§ **TASK STATEMENT**
Pictures are to be excluded. Please print only the lines from the one containing "Etui Antishock do" through the end of the data, exactly as they appear.

DATASET CONTENT START

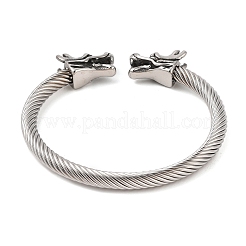 Viking 304 Stainless Steel Open Cuff Bangles for Men&nbsp;BJEW-U001-06B-AS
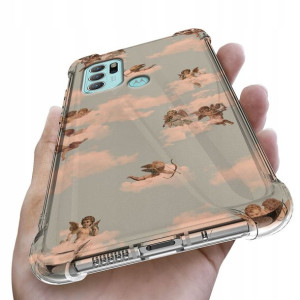 Etui Antishock do MOTOROLA G60S Case Aniołki Wzory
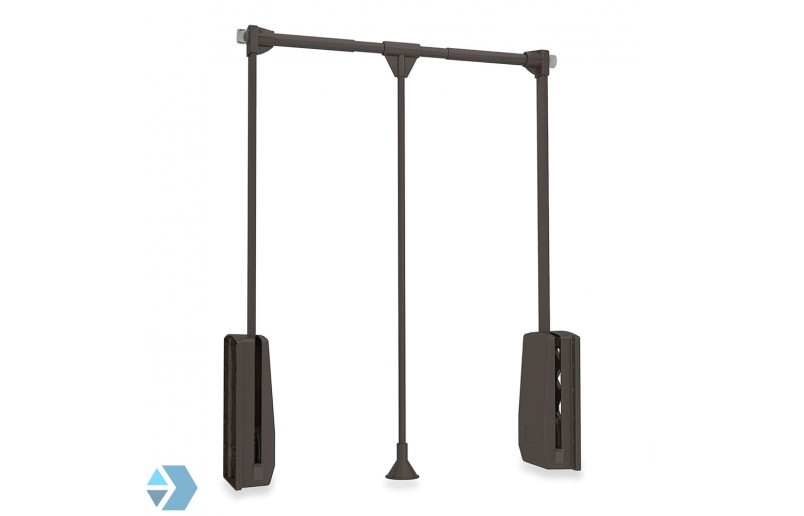 Lève-vêtements de couleur moka, capacité de charge de 12 kg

DATASET CONTENT END

§ **RESULT**
 Etui Antishock do MOTOROLA G60S Case Aniołki Wzory
 Lève-vêtements de couleur moka, capacité de charge de 12 kg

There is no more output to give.